Monday, January 28, 2019

Interpretation


The scriptures referred to are Nehemiah 8:1-3, 5-6, 8-10.

I saw a one-panel cartoon recently that showed a police car on the side of the road. Another car had obviously just been pulled over and its driver was standing on the side of the road with the cop. And because this is a cartoon, the driver of the other car was a chess piece, specifically a knight, with the big horse head on a pedestal body. The cop is doing a field sobriety test and saying, “Walk in a straight line please.” And the knight is thinking, “Oh boy.”

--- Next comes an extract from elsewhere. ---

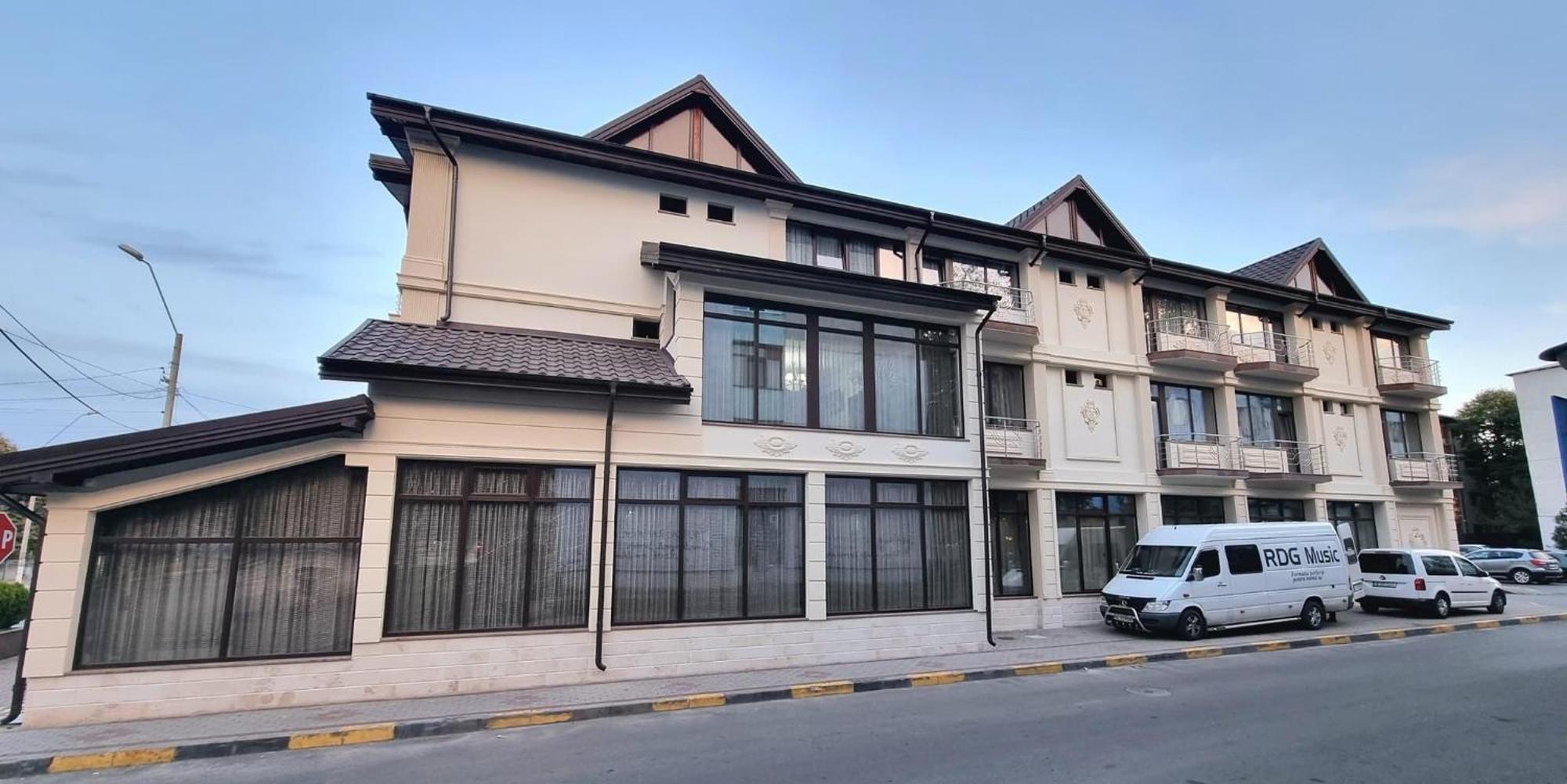 Hotel Bacsoridana Tecuci Экстерьер фото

I bring this up because there is a way of interpreting the Bible that has been called “knight's jump exegesis.” Exegesis is just a fancy word for the critical interpretation of the Bible. It comes from the Greek word “to lead out” and ideally what the exegete is doing is merely bringing out what is there in the text. He or she should not be reading things into the text that aren't there. The most infamous example of that was a preacher in the 1960s who thought there was something wicked about women putting their hair up in a top knot. So he found a proof text. And he preached that Jesus actually said, “Top knot come down.” Except he was taking the words completely out of context. In Matthew 24, Jesus is talking about the end times and what he actually says in verse 17 is “Let him which is on the housetop not come down to take anything out of his house.” [King James Version, emphasis mine] That is hilariously bad exegesis of a single verse.

Since the knight is the only piece in chess that doesn't move in a straight line, but goes 2 spaces in any direction and then one space laterally, “knight's jump exegesis” is stringing together a verse here and a verse there, and then arriving at an entirely novel interpretation. It is wrenching verses out of their contexts and performing a shotgun wedding on them in order to support your view.

You see this when preachers take Paul's saying that Christians who are alive when Jesus returns “will be caught up together with them [the resurrected dead] in the clouds to meet the Lord in the air,” and then try to make that fit into any other apocalyptic text. This is the so-called “rapture” that some preachers go on about, where they say Jesus will come down out of heaven, scoop up believers and like a yo-yo return to heaven while all the unbelievers on earth suffer through the Great Tribulation. It is mentioned in only one of the 33,000 verses of the Bible (1 Thessalonians 4:17) and you both have to take it literally and then force it into the series of events constructed from the highly symbolic visions recorded in Daniel and Revelation. I have to confess that I love the elaborate and often brightly colored End of the World timelines that certain fundamentalists draw up to ingeniously include every apocalyptic detail mentioned. But I wonder why, since no one ever proposes that the Antichrist will actually have 7 heads and ten crowns, they are so sure the other stuff is literally true?

What got me thinking about this is a comment someone once left on my blog, decrying interpreting the Bible. I went to that person's blog and Lo and Behold! he was offering his interpretation of the Bible. His case would have been stronger had his blog merely been passages of scripture, without anything else. And ideally those sections of the Bible would be in the original Hebrew, Aramaic and Greek, because it is impossible to translate from one language to another without making some interpretive decisions.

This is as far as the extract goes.